March 7, 1986 — The U.S. Air Force Academy Band opens for entertainer and impressionist Rich Little in Arnold Hall.

March 7, 1993 — U.S. Air Force Academy Band performs with guest conductor Gen. Maj. Nikolaj Mikhailovich Mikhailov, chief of Military Bands of the Russian Federation.

March 8, 1954 — The Senate passes a bill establishing an Academy.

March 8, 2004 — Nick Welch, a 2002 Academy graduate, wins the Mountain West Conference Co-Player of the Year Award. Air Force head coach Joe Scott is named Coach of the Year.

March 8, 2007 — The FalconSAT-3 is launched aboard an Atlas V rocket from Cape Canaveral Air Force Station, Florida, one of five deployed from the first-ever secondary payload adapter ring used with NASA’s current generation evolved expendable launch vehicles.

March 8, 2008 — The Astronautics Department celebrates its 50th anniversary as the world’s first undergraduate astronautical engineering program.

 March 8, 2010 — Lt. Gen. Albert Patton Clark, the sixth Academy superintendent and president of the Friends of the Air Force Academy Library, dies.

March 9, 1954 — Nathaniel Owings submits a formal request to Secretary of the Air Force Harold Talbott requesting Skidmore Owings and Merrill be considered as architects and engineers for the Academy. They eventually won the contract.

March 9, 1960 — The second Academy Assembly begins. Gen. Lauris Norstad, Supreme Allied Commander Europe, is the keynote speaker.

March 10, 1992 — Doolittle Hall, the Association of Graduates building, opens for partial use.

March 10, 1994 — Capt. Harold Waters, a 1985 Academy graduate, flies the mission for which he received the 1995 Col. James Jabara Award for Airmanship. Waters recovered his RC-135 with 32 crew members on board after catastrophic a electrical failure occurred over the North Atlantic.
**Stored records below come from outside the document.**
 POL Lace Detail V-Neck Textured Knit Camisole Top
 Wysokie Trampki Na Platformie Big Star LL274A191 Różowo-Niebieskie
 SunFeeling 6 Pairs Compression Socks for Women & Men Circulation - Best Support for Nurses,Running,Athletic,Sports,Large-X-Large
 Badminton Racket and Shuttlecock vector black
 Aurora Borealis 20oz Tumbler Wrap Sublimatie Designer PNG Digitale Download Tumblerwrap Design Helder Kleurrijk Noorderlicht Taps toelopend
March 10, 2010 — First Lt. Roni Yadlin, a 2009 Academy graduate, plays on the University of Oxford soccer team as the Blues beat Bedfordshire to win the British collegiate national championship. Yadlin, who played at Air Force, was at Oxford on a Holaday Scholarship, awarded annually to the top-ranking Academy graduate who competes for, but doesn’t win, a Rhodes Scholarship.
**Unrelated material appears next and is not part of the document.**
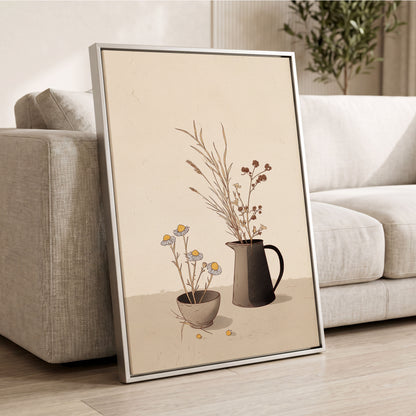 Chamomile & Charcoal, beige, brown, black floral wall art displayed in a styled interior, gallery view 2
March 12, 1962 — The men’s basketball team makes the Academy’s second appearance in the NCAA basketball tournament, losing 68-66 to Texas Tech. Only 25 teams make the tournament during that time.

March 13, 2000 — Second Lt. Shawna (Ng-A-Qui) Kimbrell, a 1998 Academy graduate, is the first African-American woman to become an Air Force F-16 fighter pilot.

March 14, 2004 — The men’s basketball team earns its first NCAA bid since 1962.

March 15, 1996 — The Friends of the Air Force Academy Library sponsors its second annual exhibit: “The Benjamin C. Steele Prisoner of War Art Exhibit.”

March 15, 1997 — A major library exhibit opens to commemorate receipt of the collections of former prisoners of war held in Stalag Luft III. The Academy library has the world’s largest collection of American POW manuscripts from Stalag Luft III.

March 15, 2007 — Cadet 2nd Class Eric Ehn, a 2008 Academy graduate, becomes the first service academy hockey player to be named a finalist for the Hobey Baker Memorial Award, given to the best player in the country. It’s the hockey equivalent of college football’s Heisman Trophy. Two weeks later, he’s recognized as one of the top three intercollegiate hockey players in the nation by his inclusion on the Hobey Baker Hat Trick list.

March 16, 2006 — The men’s basketball team makes the Academy’s fourth appearance in the NCAA basketball tournament, losing 78-69 to Illinois.

March 17, 1995 — The Friends of the Air Force Academy Library sponsors its first annual exhibit, “The Eagle Squadrons of World War II.”

March 17, 2007 — Falcon Hockey beats Army 6-1 to win the Atlantic Hockey Association championship and qualify for the 16-team NCAA hockey tournament. The team is the first service academy hockey team to win a conference title and to play in an NCAA tournament.

March 18, 2004 — Men’s Basketball makes the Academy’s third appearance in an NCAA basketball tournament, losing 63-52 to North Carolina.

March 18, 2008 — Sixty-percent of Academy agencies receive outstanding or excellent ratings for their performance in the unit compliance inspection.

(Editor’s note: This list of achievements was created by Steven Simon, a 1977 Academy graduate.)